# So why do my Corys keep dying?



## ozznet (Aug 23, 2011)

So for some reason my bronze corys keep dying on me. They will be fine for a few months and then all of a sudden they are missing or found belly up. All Rasboras have been in my tank for 2 years and no problems aside from the odd small one sucked up the filter and My Ottos have been fine for the last year but for some reason the Corys keep dying. 
Here's my tank readings.
Its a 20 gallon planted tank. the nitrates are around 0-20, Nitrites 0, ph 8, KH 40, GH 60-120.
There is 6 Harliquin Rasboras, 3 corys now, 2 Ottos, and 3 Cardinal Tertras.

Thanks for any help.


----------



## susankat (Nov 15, 2008)

Whats your ammonia reading? How often are you doing water changes? What are you feeding them. Most cories live 8 to 9 years


----------



## SevenNoOni (Oct 11, 2011)

Mine just died randomly a few weeks back. Reads Zero, it actually looked like something was fighting it, had a bloody looking fin. I just have a community tank. Ive also seen a large amount of hurt ones in the petstores... i wonder if its a sickness or something.


----------



## ozznet (Aug 23, 2011)

I don't have an ammonia tester just the nitrate and nitrite so I'm not sure. I do water changes every 2 weeks and they get feed whatever flakes and micro pellets I purposely let sink to the bottom and a couple times a week they get algae wafers and shrimp pellets and also any frozen baby brine shrimp when I give that to the rest of the fish.


----------



## madtyke (Sep 26, 2011)

you need to test for ammonia


----------



## susankat (Nov 15, 2008)

You have hard water which cories are used to a lower ph you will have to slowly drip acclimate them to your parameters. How did you add them to the tank? Cories don't eat algae unless there is nothing else for them to eat.

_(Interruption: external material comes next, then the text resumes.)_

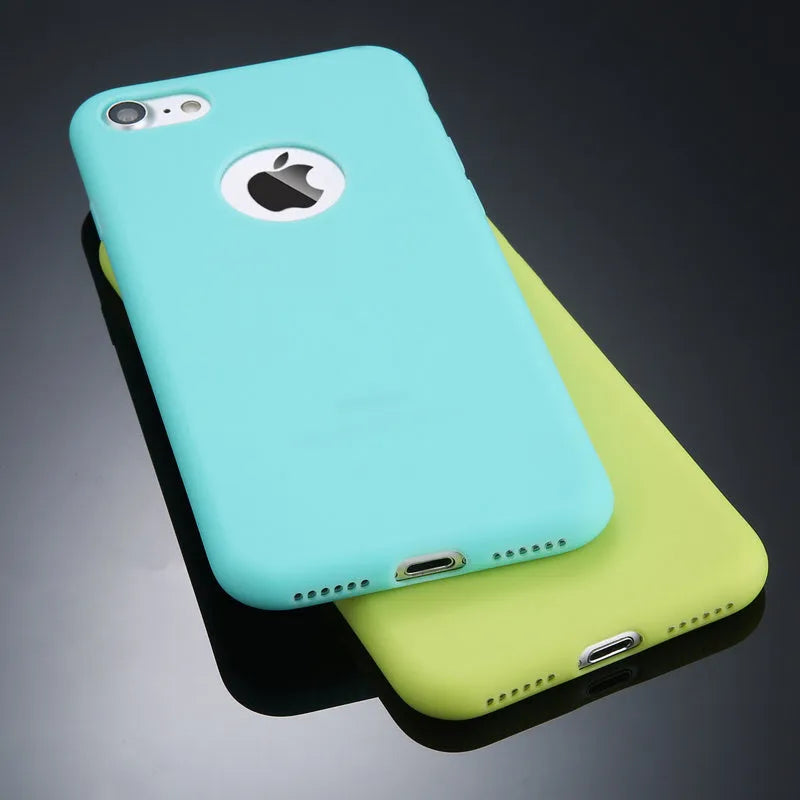 Soft plain silicone TPU phone case for iPhone in candy colours like blue, pink, and red.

Also you do need an ammonia test kit. Change your water change schedule to 30% once a week.


----------



## NeonShark666 (Dec 13, 2010)

Try doing some gradual water changes (20%) weakly with Distilled Water (simulates Railfall). Cardinals have a dull color when not happy, are they bright? Try and keep the temperature around 75F, Corys don't like real warm water. Make sure and practice good filtration and aeriation. Corys are usually hard to kill, sorry.


----------



## ozznet (Aug 23, 2011)

Ok so my ammonia level is 0 mg/L and I did slowly acclimate them by letting the bag sit in the water and then slowly adding water to the bag. My Cardinals colors are bright so I think they are happy. Also my temp is at 79F so I just turned it down a couple degrees.


----------



## Angiee (Jul 11, 2012)

Corys don't like differences in pH. It can even kill them. This may be the problem.


----------